Right after the accident, my life was sort of glamorous in a weird, morbid way. Everyone stopped what they were doing to rally around and pitch in. We’re young, none of our friends had experienced this before, and we were lucky enough to have friends who went all out. It was so tragic — the last time some people had seen us was at our wedding, cue the tears. It felt like our life was a movie, only in the end he didn’t make a miraculous recovery.
After that, things stopped being a tragic love story and started to be a grind. People stopped dropping off meals and checking in all the time. Everyone else went back to their normal lives. I spent 2016 feeling like I was slipping further and further away from myself. From the life I’d planned for us. From the husband I’d just married.
But my husband is still here. I’m still here. And this is our lives. I can’t just float along from one day to another forever. So I’m making a New Years Resolution — or three — to take my life back.
Choose to do this every day
If you asked me if I would ever choose to be a caregiver, I’d tell you no. It doesn’t feel like I made a choice. It feels like something that happened to me.
I know that’s not really true. The accident happened to my husband, which happened to me. But that doesn’t mean rearranging the rest of my entire life to take care of him was the only option. Yes, all of the options were terrible, but they were still options. Leaving him didn’t occur to me as a choice because I would never do that to someone I love so much, but I could have and I still could. Every moment of every day is me continually choosing to stay with him, ’til death do us part.
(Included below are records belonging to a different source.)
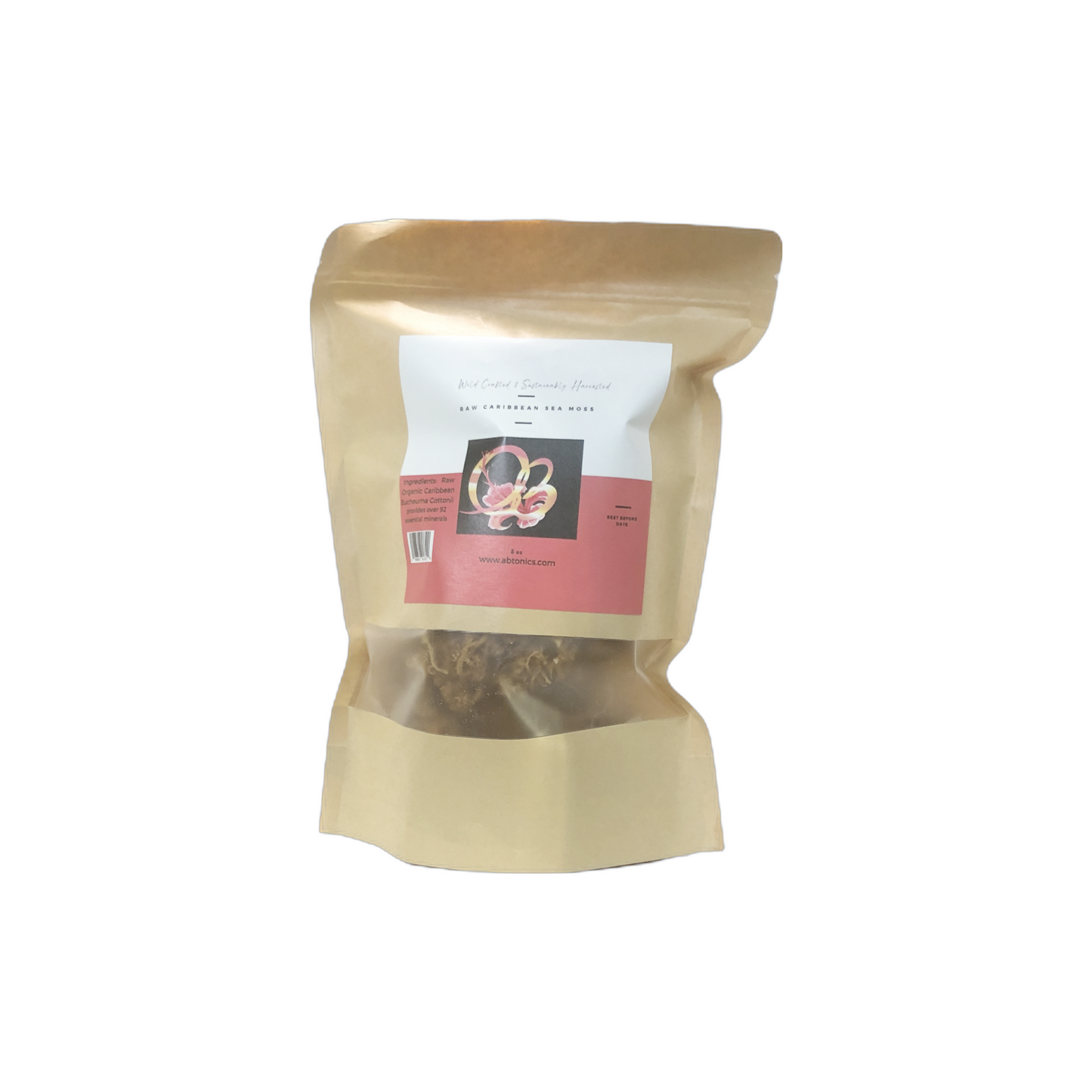RAW Sea Moss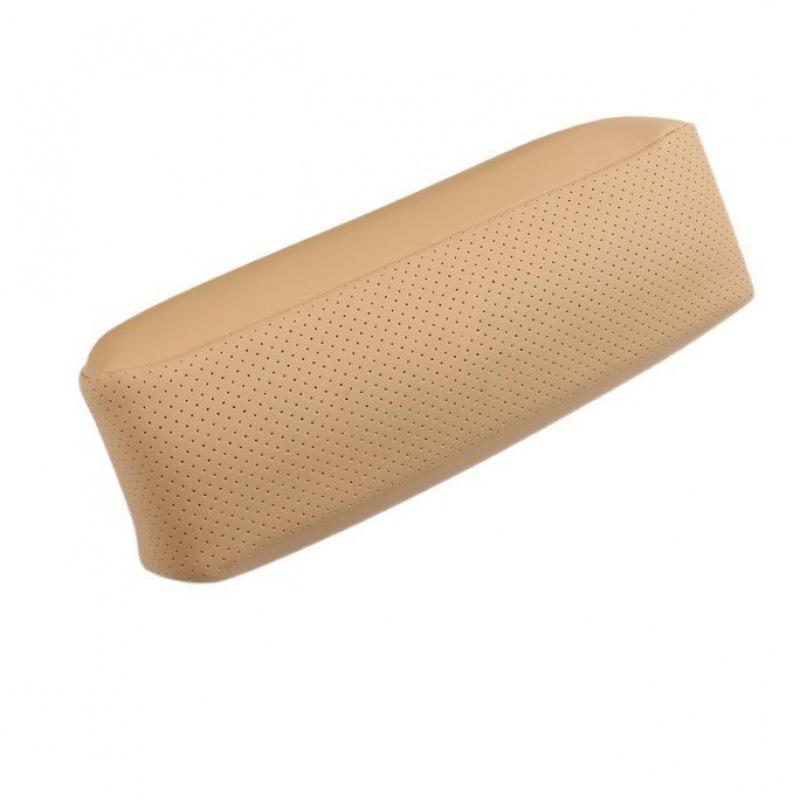 

Універсальна подушка для шиї для передніх та задніх сидінь – Індивідуалізований аксесуар для салону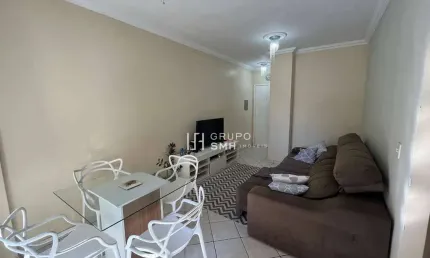 Apartamento com 2 dormitórios à venda, 80 m² por r$ 329.000,00 - enseada - guarujá/sp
In a weird way, thinking about all of the things I could do instead of caring for him makes each day easier. Because for me any of those options would be harder.
My life felt like it was spiraling out of control. Remembering that I am choosing to do this — every moment, good or bad — makes me feel like it’s my life. My life isn’t on hold or being sacrificed or taken away from me, this is the life I’m choosing for myself.
I’m going to remember that this is what I want to do.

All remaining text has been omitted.